ぼんやりと一番列車の音を聞くとり残されてどこまでが過去/亀谷たま江(月集)

朝の薄暗い時間帯だろうか、まだはっきりと目が覚めていない意識のなかへ、一番列車の走る音が聞こえてくる。作中主体は何かから取り残されていると感じていて、「どこまでが過去」だろうかと自分の記憶をたどり始める。意識の細かな動きを捉えた歌。では、「どこまでが過去」とは一体どういう問いなのだろうか。現在と過去の時間的な境界はどこにあるのかという哲学的な問いにも思えるし、現在の人や物と過去になってしまった人や物との境界がどこにあるのかというより現実的な問いにも思える。はたまた、その両方を含意した上で、人や物に関する自分の記憶のどこまでが過去のものになってしまったのかという内省的な問いにも思える。もしかすると、作中主体は問いの正体をまだはっきりとは掴めていないのかもしれない。やや混濁した意識のなかでの手探りの様子が見事に描かれている。

遠浅の海のやさしい色合いの声でわたしはわたしを叱る/君村類(新樹集)

遠浅の海なら波は穏やかかもしれないが、果たしてやさしい色合いをしているだろうか、という疑問も浮かぶのだが、遠浅の《とおあさ》という柔らかい音の前では、そのような疑問などどうでも良くなってしまう。
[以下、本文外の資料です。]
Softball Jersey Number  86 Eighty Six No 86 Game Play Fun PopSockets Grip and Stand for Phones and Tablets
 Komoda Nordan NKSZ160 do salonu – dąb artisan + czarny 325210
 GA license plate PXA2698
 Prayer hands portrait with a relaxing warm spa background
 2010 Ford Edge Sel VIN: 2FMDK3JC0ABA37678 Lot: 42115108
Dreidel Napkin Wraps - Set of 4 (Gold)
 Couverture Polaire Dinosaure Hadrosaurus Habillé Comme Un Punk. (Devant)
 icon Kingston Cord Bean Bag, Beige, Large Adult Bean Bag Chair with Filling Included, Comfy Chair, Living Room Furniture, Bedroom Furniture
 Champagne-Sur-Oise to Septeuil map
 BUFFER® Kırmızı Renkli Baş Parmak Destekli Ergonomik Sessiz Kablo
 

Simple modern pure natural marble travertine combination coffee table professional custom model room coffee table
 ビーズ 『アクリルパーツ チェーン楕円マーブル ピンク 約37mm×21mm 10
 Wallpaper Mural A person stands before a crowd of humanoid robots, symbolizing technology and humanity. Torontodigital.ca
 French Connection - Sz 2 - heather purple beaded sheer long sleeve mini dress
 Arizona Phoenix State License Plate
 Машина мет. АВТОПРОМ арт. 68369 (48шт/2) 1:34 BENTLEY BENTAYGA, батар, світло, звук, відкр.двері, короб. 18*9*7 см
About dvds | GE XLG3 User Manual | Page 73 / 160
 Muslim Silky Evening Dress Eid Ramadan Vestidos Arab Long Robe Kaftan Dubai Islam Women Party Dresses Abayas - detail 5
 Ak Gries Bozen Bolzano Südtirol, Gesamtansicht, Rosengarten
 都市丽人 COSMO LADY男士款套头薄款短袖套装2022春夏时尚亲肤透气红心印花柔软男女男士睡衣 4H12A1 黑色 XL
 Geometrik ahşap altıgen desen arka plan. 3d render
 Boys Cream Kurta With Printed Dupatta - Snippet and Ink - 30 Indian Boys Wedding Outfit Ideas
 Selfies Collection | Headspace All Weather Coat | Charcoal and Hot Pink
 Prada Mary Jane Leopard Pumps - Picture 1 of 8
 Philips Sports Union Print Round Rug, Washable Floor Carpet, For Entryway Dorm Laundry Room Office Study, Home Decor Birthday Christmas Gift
《とおあさ》はア音とオ音が並んでいるから、口を大きく開けて発音される。それは大声で人を叱るときの口だ。しかしここではそうではない。その声は「やさしい色合いで」あり、「わたし」に向けられている。どんなことで自分を叱るのだろうか。それはここには書かれていないが、何かを確かめるような落ち着いた口調であったに違いない。

地図帳に散らばる島をたどりゆけば国境線は海にただよふ/広瀬明子(百葉集・作品1 花山多佳子選)

大陸に位置する国々の国境線は、分水嶺や河川に沿って引かれていることが多く、それは地形を見ていれば浮かび上がってくる。その一方で、島国の国境線に目をやると、それは何の変哲もない海上に存在していて、まるで海に漂っているかのようだ。もちろんこれは国際的な取り決めに従って正式に定められたものだが、陸地から遠く離れた海原に人為的な線があるというのは、ひどく頼りない主張にも思える。この歌は、島国の国境という概念の頼りなさを書いた歌と読めるし、さらに日本の国防に関する言い知れぬ不安感を書いた歌とも読める。

コスモスの花束はこびつつ風の標本みたいなかるさとおもう/大森静佳(作品1 花山多佳子選)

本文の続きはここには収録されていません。